Dans un bref communiqué de presse en page d’accueil de son site, Nicholas Ciarelli ’08, plus connu sous le pseudonyme de Nick dePlume, annonce sobrement qu’Apple et Think Secret ont conclu un accord “ mutuellement profitable ”, et selon les termes duquel Apple renonce à obtenir le nom des informateurs du site, en échange de la fermeture de celui-ci.
En janvier 2005, le constructeur californien avait assigné Nick en justice pour avoir dévoilé – 2 semaines avant la Macworld Expo – l’existence du Mac mini et l’arrivée d’iWork, sa suite de productivité, après avoir à plusieurs reprises tenté d’intimider le jeune homme. Âgé de 19 ans à l’époque des faits, Nick Ciarelli était en effet loin d’être un inconnu puisque qu’il avait petit à petit réussi à faire de Think Secret à tour de rôle et depuis 1998 l’une des 2 références majeures du monde Mac, en publiant un certain nombre de scoops avec depuis 2001 une précision de métronome et un professionnalisme que bien des titulaires d’une carte de presse pourraient lui envier.
D’autres comme par exemple Ryan Meader avec MacOSRumors avaient auparavant connu leur heure de gloire, en bénéficiant de réseaux de connaissances dans l’organigramme d’Apple dès 1995, mais les aléas de l’existence et les changements au sein du management de Cupertino en ont décidé autrement.
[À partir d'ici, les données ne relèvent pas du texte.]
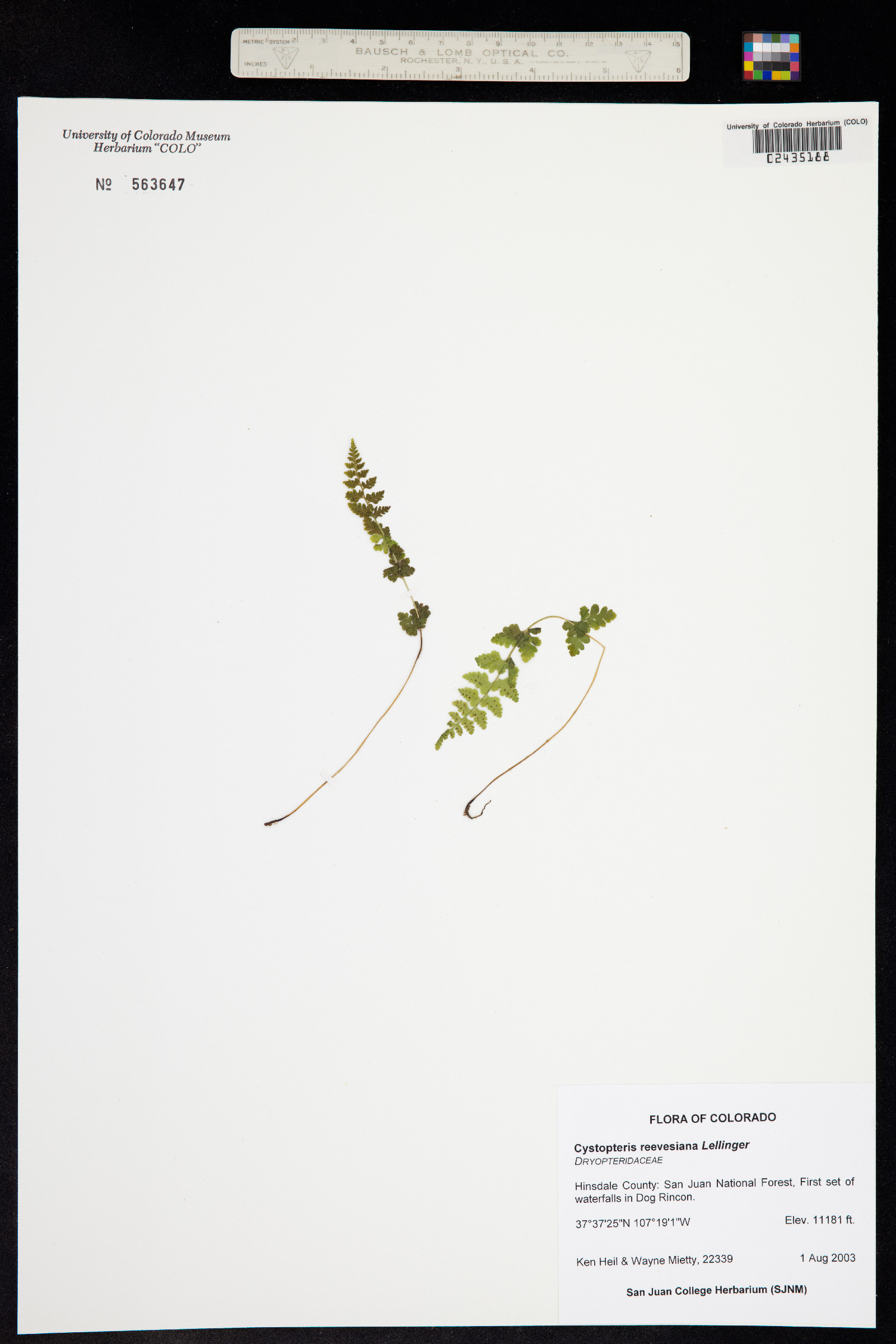 Cystopteris reevesiana image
Le tour de force de cet adolescent de 15 ans à l’époque est d’avoir su, depuis la côte Est des États-Unis et à des milliers de kilomètres de la Silicon Valley d’avoir su non seulement utiliser les informations
distillées ici ou là par Apple pour alimenter le buzz autour des ses produits, mais surtout d’avoir appliqué au domaine de la rumeur la rigueur et les méthodes du journalisme d’investigation à l’américaine, au point d’accéder au statut de source fiable pour ce qui concerne la firme à la Pomme et de recevoir l’onction de titres aussi exigeants que le Washington Post, Le Wall Street Journal ou le New York Times.
Qui a gagné, qui a perdu ?
Alors, qui a gagné, qui a perdu dans cette affaire ? L’accord est vraisemblablement mutuellement profitable, comme le note le communiqué de presse publié par Ciarelli, et à mi-chemin des commentaires que l’on a pu lire ici ou là.
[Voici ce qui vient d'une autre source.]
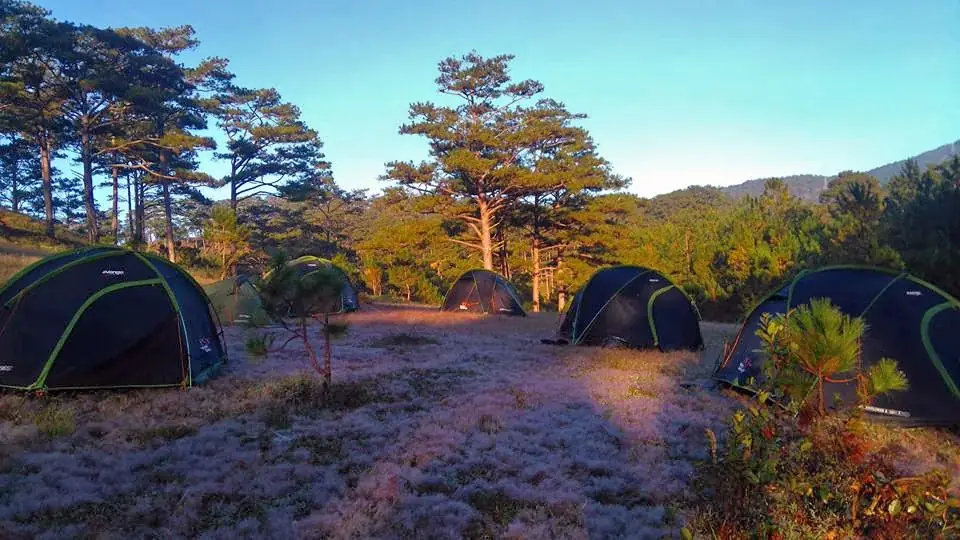 Phat Tire Ventures — canyoning, biking and trekking, Da Lat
Tout d’abord, Nick Ciarelli qui tirait de son site de confortables revenus a obtenu en échange de la fermeture de Think Secret un dédommagement financier de la part d’Apple que l’on espère confortable, et à tout le moins de quoi finir de financer le reste de ses études dans l’une des meilleures universités du pays, sans avoir à s’endetter pour une ou deux décennies. Pas si mal pour un jeune homme en dernière année de licence à Harvard qui – même s’il est issu d’une bonne famille – avait débuté son site par passion pour les produits Apple et pour le journalisme mais avait vu peu à peu ses centres d’intérêt se diversifier et avait du confier depuis 2 ans 1/2 la gestion quotidienne du site à un journaliste, professionnel celui-là, afin de pouvoir se consacrer à ses études.
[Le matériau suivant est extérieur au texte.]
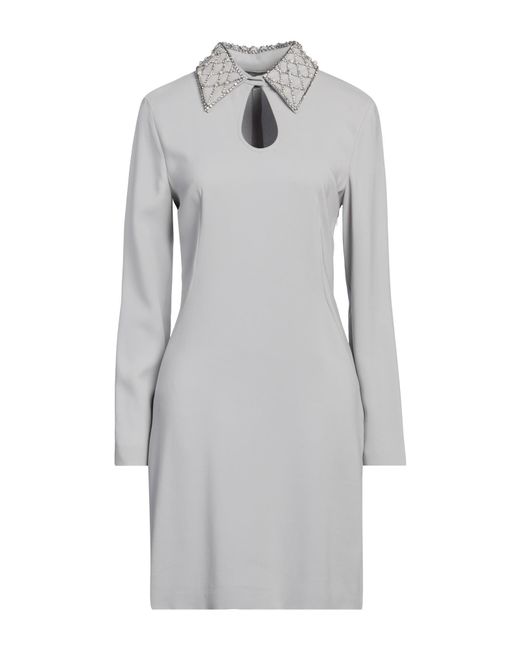 Alberta Ferretti Gray Mini Dress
Mais avant tout, Nick s’est fait un nom – outre par son travail rigoureux durant ces années – en refusant jusqu’au bout de livrer le nom de ses informateurs malgré les pressions, dans un pays où en dépit des dérives à la Fox de ces dernières années il reste des journalistes prêts à faire de la prison pour garantir l’anonymat de leurs sources. Contributeur du Harvard Crimson le journal de l’Université depuis les 2 premières années de sa scolarité, nul doute qu’il pourra sans difficulté pousser la porte de n’importe quel titre en Amérique du Nord aussi prestigieux soit-il, s’il décide de poursuivre dans cette voie.
Pour ce qui est d’Apple, la firme qui a fondé une bonne part de sa communication sur le buzz engendré par les rumeurs – à un niveau inégalé depuis le retour aux commandes de Steve Jobs – elle s’est mise dans une position momentanément inconfortable, en passant une nouvelle fois pour la grosse société pas si différente des autres que ça au demeurant, et qui n’hésite pas à peser de tout son poids pour fermer le site de l’un de ses fans, lorsque celui-ci devient gênant. Elle a pourtant gagné sur l’essentiel.—–
Avant tout, le message envoyé en interne en direction de ses propres employés est clair : ne vous amusez pas à vous faire mousser auprès des sites de rumeurs. Car si la couverture médiatique et la surface de sa communication sont allées pendant des années bien au-delà de la société de taille moyenne qu’elle n’est déjà plus tout à fait, c’est que cette politique du secret mainte fois rebattue s’accompagne d’une stratégie de la fuite instrumentalisée, et qui était en réalité la raison d’être de l’organisation de la rareté des informations sur les évolutions des produits de la marque. Au même titre que la politique très particulière des brevets de Cupertino, il s’agit d’un formidable levier pour susciter l’effervescence autour de la marque, alimenter l’attente et le désir des aficionados vers les futurs produits et désorienter la concurrence, soit en l’orientant vers des voies de garage abandonnées, soit en faisant souffler un vent de panique dans les états-majors avec des technologies en rupture.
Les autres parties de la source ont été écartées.